İstanbul İl Sağlık Müdürü Doç. Dr. Abdullah Emre Güner yaptığı açıklamada, “Dünyada örneği bulunmayan bu kapsamlı tatbikatı başarıyla tamamladık. Ancak en önemli gerçeğin bilincinde olmalıyız: her zaman alarm halinde ve hazır durumda olmalıyız” dedi. Güner, 2019 yılında yaşanan 5,8 büyüklüğündeki İstanbul depremini hatırlatarak, o dönem ortaya çıkan ihtiyaçlar doğrultusunda, şehir için hızlı ve uygulanabilir çözümler geliştirilmesi gerektiğini belirtti.
İstanbul’un nüfusunun 16 milyon civarında olduğunu ve çevre illerle birlikte yaklaşık 25-30 milyon kişiye hizmet verdiğini vurgulayan Güner, Türkiye’deki toplam sağlık hizmet puanının yaklaşık %40’ının İstanbul’dan karşılandığını ifade etti. “İlk 12 saat içerisinde kendi kendimize yetebilen bir sağlık sistemi kurmamız gerekiyor” sözleriyle, afet sonrası ilk müdahale ve iyileşme sürecinin önemine dikkat çekti.

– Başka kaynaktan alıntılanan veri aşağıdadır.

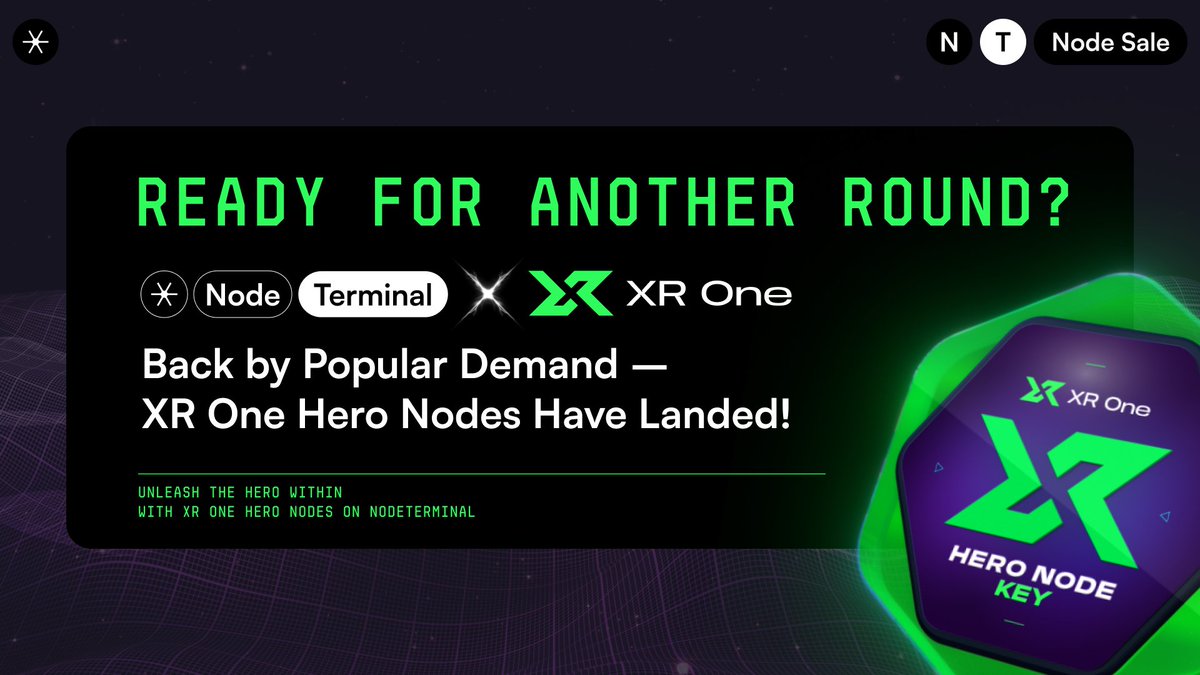 🔔Special offer: <a href="/XR_Foundation/">XR One Network</a> Hero Nodes by @saltwatergames is coming again on Tuesday (December 17th)

1.5% of the XR Token Supply to Early Hero Rewards, with the accrual of these to begin from the moment the Hero Node Public Whitelist sale began.

4% of the $XR token supply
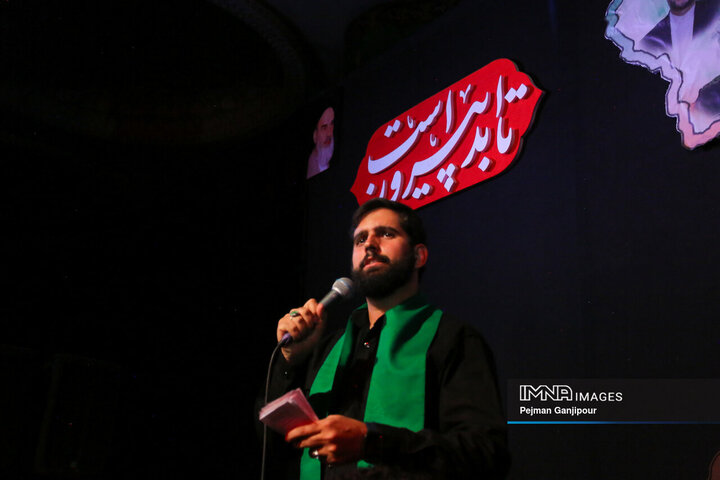 عزاداری شب چهارم محرم در هیئت یادگاران امام(ره)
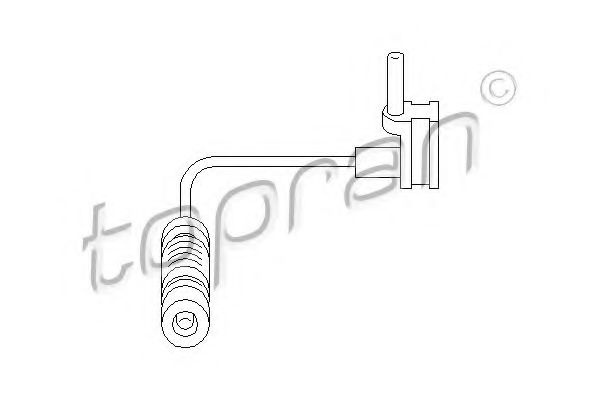 Датчик износа тормозных колодок TOPRAN 400 983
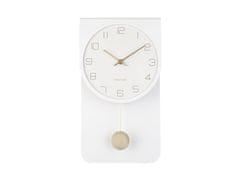 Karlsson Nástenné kyvadlové hodiny KA5779, biela 39cm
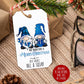 Holiday Gnome Christmas Gift Tags, Christmas Present Tags, Stocking Tags, Hang Tags, Handmade Tags, Party Favor Tag, To From Tags, Bag Tags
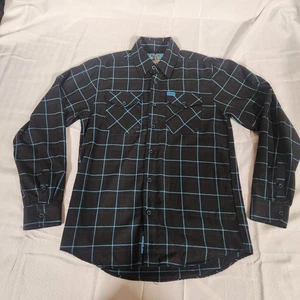 Camisa de franela manga larga pequeña Dixxon Flannel Co. "The Cyanide" para hombre - Imagen 1 de 8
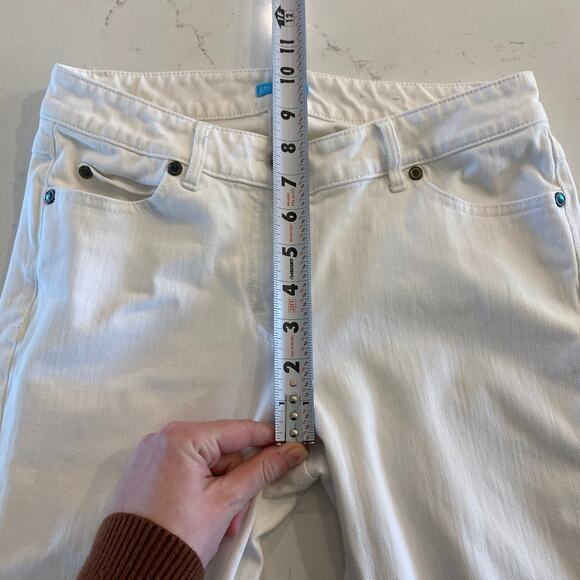 J. McLaughlin White Skinny Jeans Pants size 2 - Picture 8 of 10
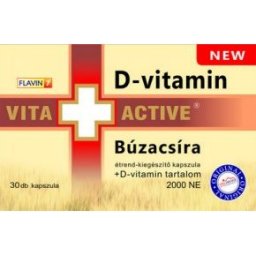 Vita+Active Búzacsíra + D-vitamin kapszula - 30 db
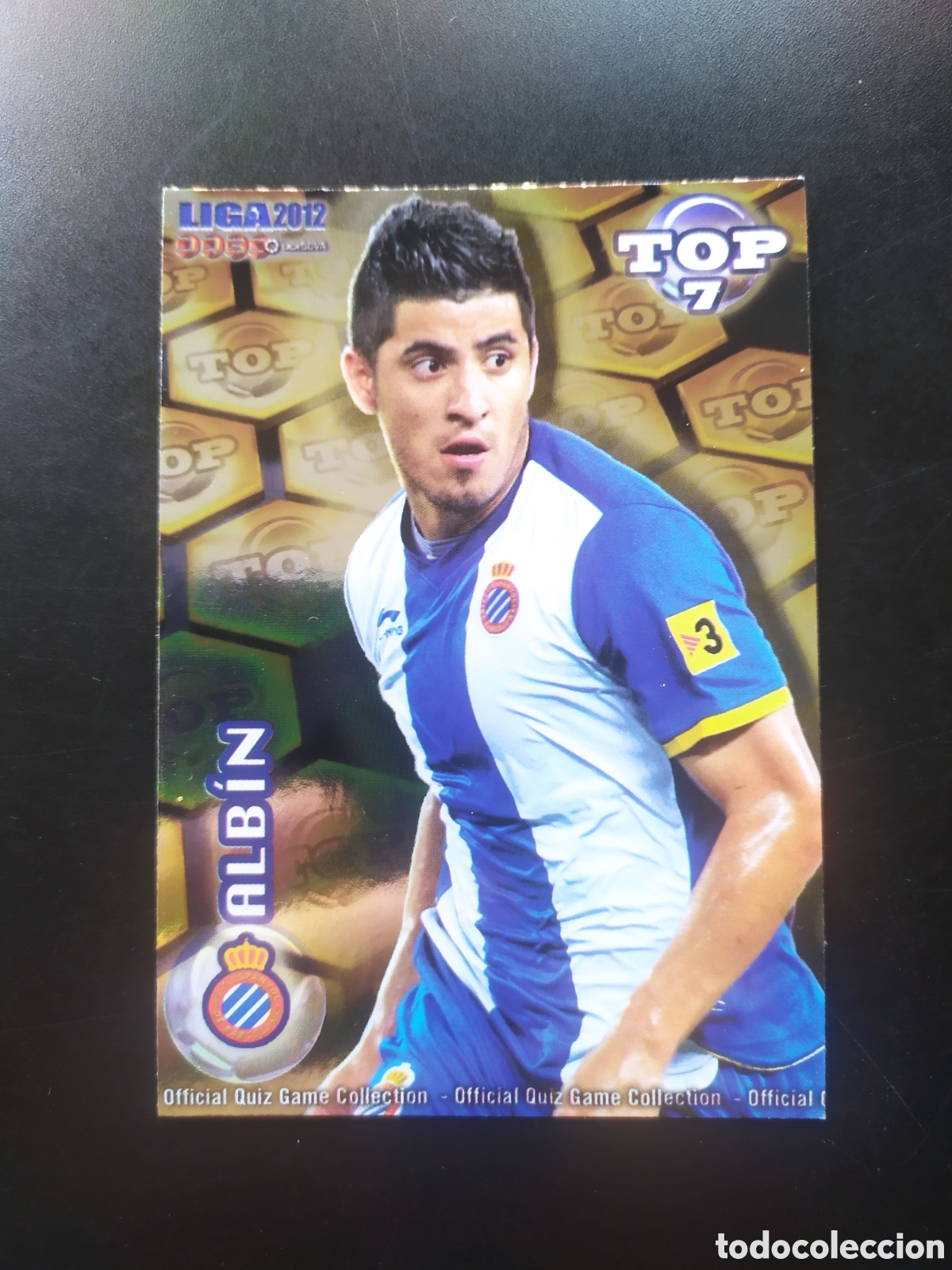 Cromos de f&uacute;tbol: Mundicromo fichas Liga 2011 2012 11 12 Albin top brillo dorado n&deg; 600 Espanyol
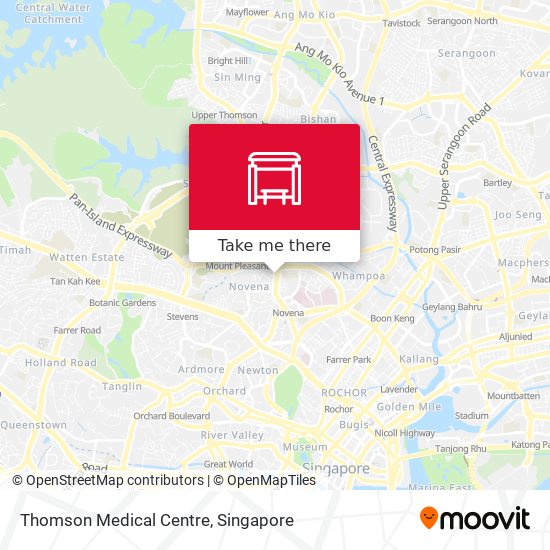 Thomson Medical Centre map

Güner, sözlerine, “Muhtemel bir afette ilk 12 saat içerisinde kendi kendimize yetebilen bir sağlık sistemi kurmamız,” gerektiğini ve bu tatbikatın amacı, planlarımızın sahadaki eksikliklerini görmek ve daha güçlü bir yapı inşa etmek olduğunu vurgulayarak devam etti. Ayrıca, afet anında sağlık hizmetlerinin refleks halinde ve ezberlenmiş sistemle sunulması gerektiğini belirtti.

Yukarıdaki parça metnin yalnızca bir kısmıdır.